La publicación recibió una respuesta mixta, pero el resultado es que, le guste o no, el nombre de Erika ahora se menciona al mismo tiempo que la carrera presidencial de 2028.
Y aunque falten años para las elecciones, Erika ya se enfrenta a su primer escándalo de minicampaña.
Era un momento que te ibas a perder:
Cuando Trump se unió a Kirk en el escenario del mitin “Construir el Muro Rojo” de Turning Point USA en la Iglesia Dream City en Phoenix, se besaron brevemente en cada mejilla.
Tal vez sea porque enviudó recientemente, o tal vez sea porque Trump es menos popular hoy en día entre el tipo de personas que alguna vez formaron su base.
Pero cualquiera que sea la razón, el abrazo de Trump y Erika se ha convertido en un tema de debate y controversia generalizados en las redes sociales.

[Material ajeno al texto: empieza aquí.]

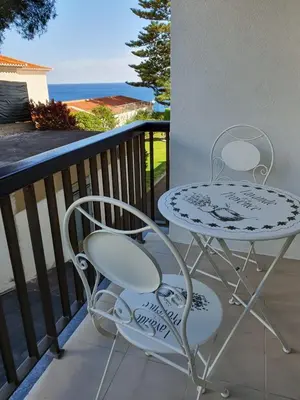 a table and chairs on a balcony with the ocean at Sunrise Glances & Free Parking in Funchal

Como MSN Según algunos informes, algunos observadores han acusado a Trump de emitir “vibraciones de tío espeluznantes”.
Otros afirmaron que retuvo a Erika durante varios segundos de más.
Por lo general, Erika se inclina hacia las controversias, pero ésta decidió ignorarla y prefirió centrarse en su mensaje político.
“Y ahora tenemos que volver a presentarnos con una participación del 80 al 90 por ciento en las elecciones intermedias y fortalecer el muro rojo para la próxima década. Eso es lo que tenemos que hacer”, dijo en un momento del mitin.
Luego arremetió contra quienes buscan “destrozar nuestro país” centrándose en cuestiones que dividen en lugar de unir.
Hace apenas unos meses, uno podría haber asumido que Erika se refería a liberales y demócratas, pero en estos días, podría haberse referido a ex partidarios de Trump.
De todos modos, ella ha dominado el arte del político de hacer una declaración sin decir nada.